State Environment Department Secretary Ryan Flynn issued a formal order giving the lab two days to submit a plan for securing the waste containers, many of which are likely stored outdoors on the lab's northern New Mexico campus or at a temporary site in west Texas.
The order says 57 barrels of waste were packed with nitrate salts and organic kitty litter, a combination thought to have caused a heat reaction and radiation release that contaminated 22 workers with low levels of radiation at the Waste Isolation Pilot Plant near Carlsbad in February.
The kitty litter soaks up any liquid before drums of waste are sealed and shipped. Officials are investigating whether a switch from non-organic to organic litter is to blame for the leak.
According to the order, two of those containers are known to be at WIPP. It doesn't say where the rest of the barrels are, but Los Alamos was in the process of transferring the last of thousands of barrels of waste from decades of nuclear bomb making to the underground dump when the leak shuttered the half-mile-deep mine.
Some containers were then transferred to temporary storage at a commercial nuclear waste dump in Andrews, Texas.

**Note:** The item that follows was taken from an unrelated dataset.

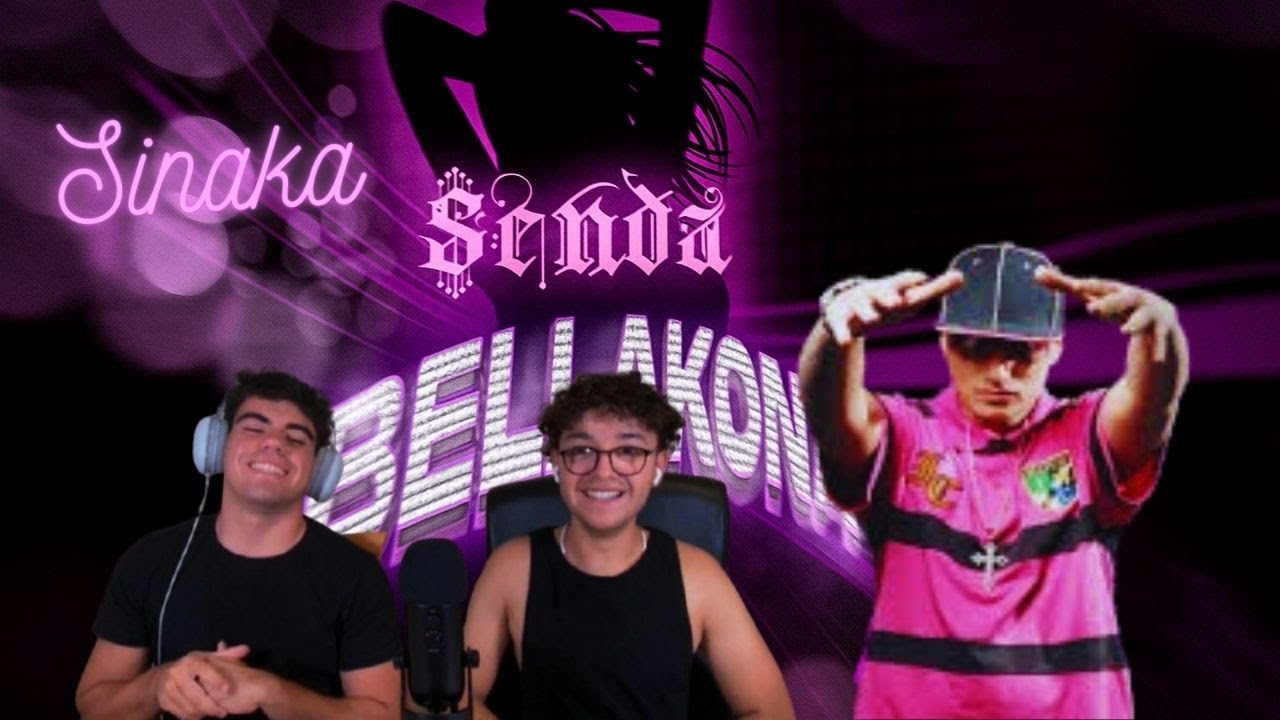 REACCIÓN A SENDA BELLAKONA DE SINAKA EL ARTISTA CON MAS POTENCIAL DE CHILEE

But all shipments were stopped when investigators earlier this month zeroed in on the Los Alamos container as the likely source of the leak.
"Based on the evidence presented to NMED, the current handling, storage, treatment and transportation of the hazardous nitrate salt bearing waste containers at LANL may present an imminent and substantial endangerment to health or the environment," the order signed by Flynn states.